Being a relative newcomer to the art of review, I do rely on background author information in order to get a feel of what is ahead and following the recommendations as noted, my enthusiasm became salivation upon reading the book jacket. This review is by far the most difficult I have undertaken (out of the very few that I have undertaken anyway!) and several re-writes and editorial advice by the bucket load have been more than necessary!
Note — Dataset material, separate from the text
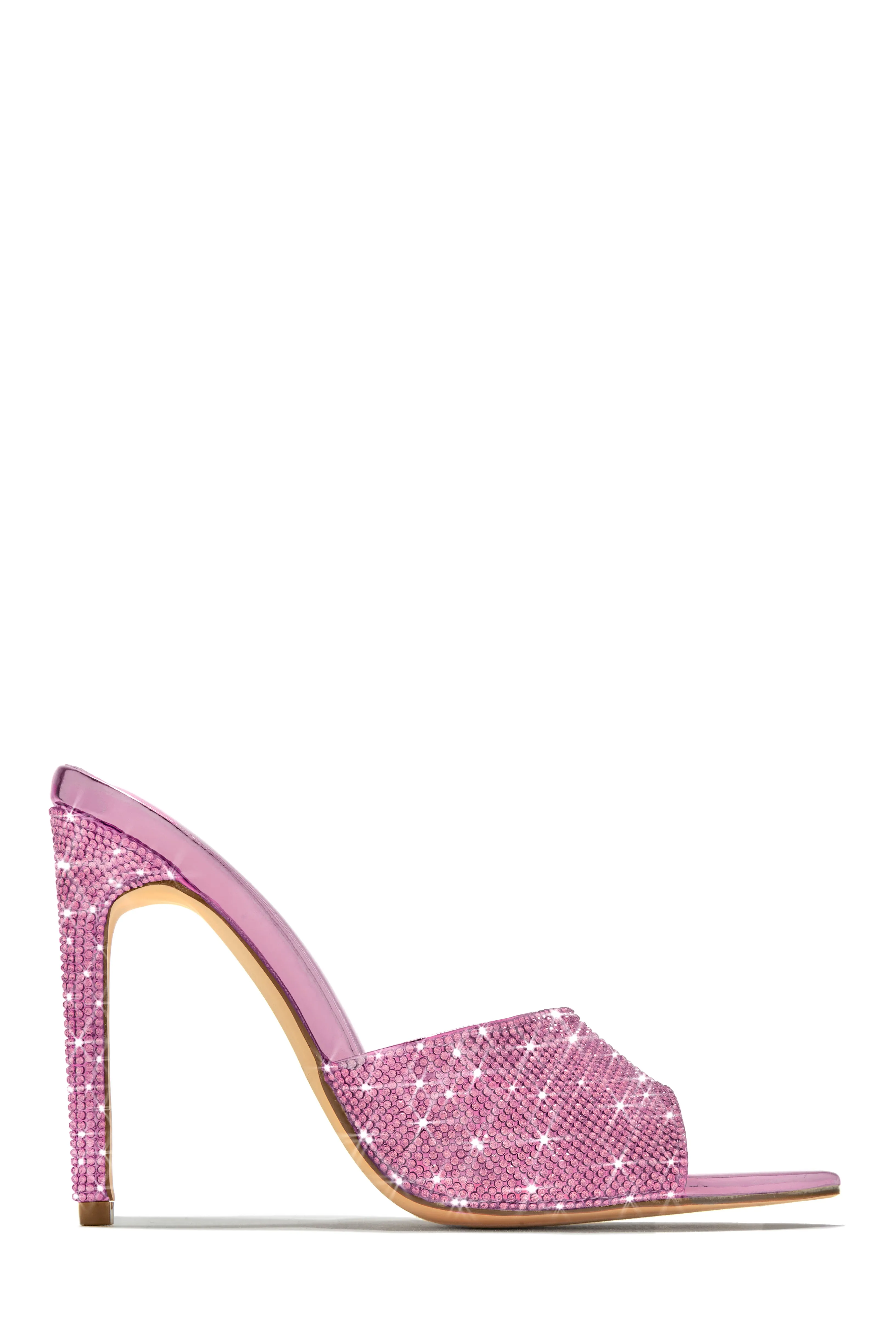 Juliene Embellished High Heel Mules - Silver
McAuley has the makings of an excellent storyline. White Devils centers around genetic modification – or “gengingeering” as he cunningly terms it. The time and the place is the Congo in the near future – but a Congo that has become bankrupt and in effect purchased by a multi-national conglomerate . One could initially think that White Devils is not territorially dissimilar to Crichton’s Congo due to the strange ape-like creatures killing off intrepid explorers – or in this case, humanitarian aid workers. Are these creatures merely local guerrillas in white body paint? Are they result of the sinister sounding plastic disease or are they in fact
gengineered. It is the job of our hero, Nicholas Hyde to reveal all to the world with the assistance of reformed baddies and an assortment of scientists, whilst set against him are a never-ending stream of scoundrels of the usual and not so usual varieties.
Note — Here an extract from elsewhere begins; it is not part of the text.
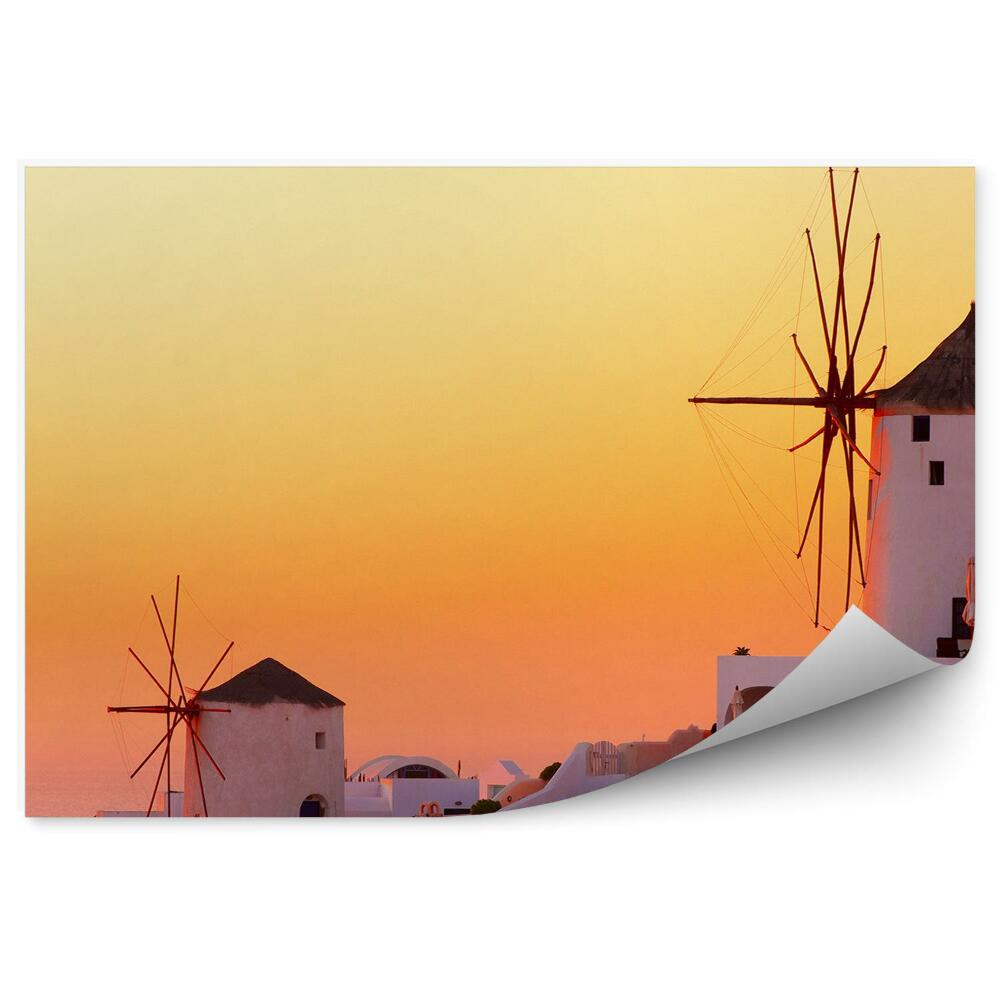 Fototapeta na stenu Santorini budovy západ slnka veterné mlyny Grécko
The ingredients are there for a mighty fine read – but alas my salivating palate was not sated. A procession of villains scroll through the pages, each killing or being killed by the next villain in queue, like a set of 4-dimensional Russian dolls, leaving one with no focus with which to determine right or wrong within the context of the story. A clever ploy by the author? I personally think not, as this lack of focus only serves to numb the reader rather than lift them to heights of expectation. Too many main characters can only cause plot confusion and McAuley has main characters in abundance, each with their own agendas and loyalties, blurring and blending the pages into more of a chore than a pleasure – by the end of the book I was left saying “oh” rather than “wow!”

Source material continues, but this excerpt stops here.